Keywords

1 Introduction

Digital information is increasingly being used in communications. This trend requires that citizens obtain information electronically. Hence digital information must be made easily available for all readers, including the visually impaired who rely on screen readers to gain access to information. Most screen readers that assist the visually impaired read the text in an iterative manner. Since these tools present text sequentially, it is difficult for users to scan for items of interest or importance compared to people who read text with their eyes. Browsing through the digital documents thus becomes a slow and often pains-taking process for the screen reader user. A more intelligent screen reader that leads to more efficient navigation through the electronic document would hold potential for greatly assisting users in accessing information. This study investigates challenges that screen reader users commonly encounter and explores text extraction techniques as a potential remedy for achieving more effective screen reading.

Screen readers are software tools developed to enable the visually impaired to use computers. These tools read aloud with a synthetic voice and they are commonly used by the visually impaired to access the web. Readers who rely on their eyes form an overview of the contents by simply visually scanning the webpage; the screen reader users are not using their eyes but have to construct what is there bit by bit [1]. What visually oriented readers regard as a simple task such as getting advice online for a web product/service may not be trivial for a screen reader user [1]. As expressed by a user who had limited experience with screen readers, intensive navigating through the library’ websites took much longer time (twice or three times as much) to search for information compared to visually oriented readers [2]. Though screen readers assist users greatly, limitations exist and need to be resolved to provide more accessible use. Some weaknesses include reading irrelevant visual presentation elements, employing a simple top-to-bottom and left-to-right reading strategy leading to lengthy waiting for relevant information, unable to deliver structural information of the page, intertwining content reading with links reading that causes confusions and inconveniences for listeners who have to wait for links’ meanings to be clarified or select long wrong moves in websites due to ineffective ordering of links’ list, impractical links selection scheme because of audio synchronization difficulties, along with the synthetic voice reading all pieces of information on the page (content, links, landmarks, etc.) with the same intonation throughout [3].

Automatic text summarization techniques are proposed as a means to help screen reader users reduce cognitive workload by generating meaningful summaries of long texts. Many artificial Intelligence algorithms are developed based on natural language processing. However, the process of using such software is not simple. It often involves navigation challenges for screen reader users as they have to shift their focus from different applications. Summarization may include multiple steps: (1) Select the text to summarize. (2) Copy the selected text. (3) Open the text summarizer through webpage, plugin link, or desktop software. (4) Paste the copied text into the software. (5) Generate the summary. (6) Read it through the screen reader. (7) Come back to the original text (webpage or other electronic text). (8) Users must start reading again from the initial point as the context is lost. These steps may seem simple but require effort; the overall purpose of saving effort is thus lost. Moreover, some web-based summary generators return the summaries in dialog boxes or alerts, and such popups reduce accessibility.

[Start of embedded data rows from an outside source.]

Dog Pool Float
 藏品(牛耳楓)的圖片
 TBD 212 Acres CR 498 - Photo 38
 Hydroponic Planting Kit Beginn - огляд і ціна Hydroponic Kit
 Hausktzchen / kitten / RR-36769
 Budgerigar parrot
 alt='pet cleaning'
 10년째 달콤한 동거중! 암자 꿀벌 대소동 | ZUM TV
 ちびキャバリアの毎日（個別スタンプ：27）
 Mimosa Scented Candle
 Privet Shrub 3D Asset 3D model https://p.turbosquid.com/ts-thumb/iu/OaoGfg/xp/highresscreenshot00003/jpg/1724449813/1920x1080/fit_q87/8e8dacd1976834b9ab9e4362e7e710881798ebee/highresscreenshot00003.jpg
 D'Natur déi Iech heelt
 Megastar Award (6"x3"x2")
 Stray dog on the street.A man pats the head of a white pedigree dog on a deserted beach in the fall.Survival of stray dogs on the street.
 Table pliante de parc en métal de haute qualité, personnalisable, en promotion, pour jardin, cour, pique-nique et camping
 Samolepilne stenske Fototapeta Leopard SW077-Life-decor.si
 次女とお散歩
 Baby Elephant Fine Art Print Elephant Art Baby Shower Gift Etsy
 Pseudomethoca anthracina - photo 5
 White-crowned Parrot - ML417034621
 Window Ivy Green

Given the challenges that users encounter when navigating using the screen reader, this work aims to minimize the efforts involved through an integrated approach where the summary is available as part of the regular screen reader reading flow. The following questions are asked: Can effective screen reading be achieved with minimized navigation? Can lengthy text reading of website screen reading be simplified?

This paper is organized as follows. Related work is presented, followed by sections of method and results. Discussion is then offered based on findings gathered, closed by a conclusion.

2 Related Work

According to Borodin et al. [4], browsing the Web with screen readers can be challenging because of accessibility and usability problems. Accessibility issues associated with screen reader users have also been identified in websites of higher education [5]. The basic readability of the text affects all readers [6,7,8,9], and it has been demonstrated that readability features such as sentence length affect screen reading performance [10]. It is nearly impossible to access some content through screen readers. One common example is an image without an alternative text. Screen readers will ignore such images which then become “invisible” to the readers. Though the screen reading technology is advancing with new features, new web technologies emerge at an even faster pace and the discrepancies lead to inaccessibility. Implementing an accessible website without any rich media is by some viewed as laborious [11] as W3C recommendations are implemented differently in different browsers. Ensuring accessibility with rich media is even more challenging. For instance, the Flash multimedia content was inaccessible to screen reader users for years [4]. With HTML 5 introducing canvas, content inaccessibility may arise again that will affect the working of web technologies with screen readers.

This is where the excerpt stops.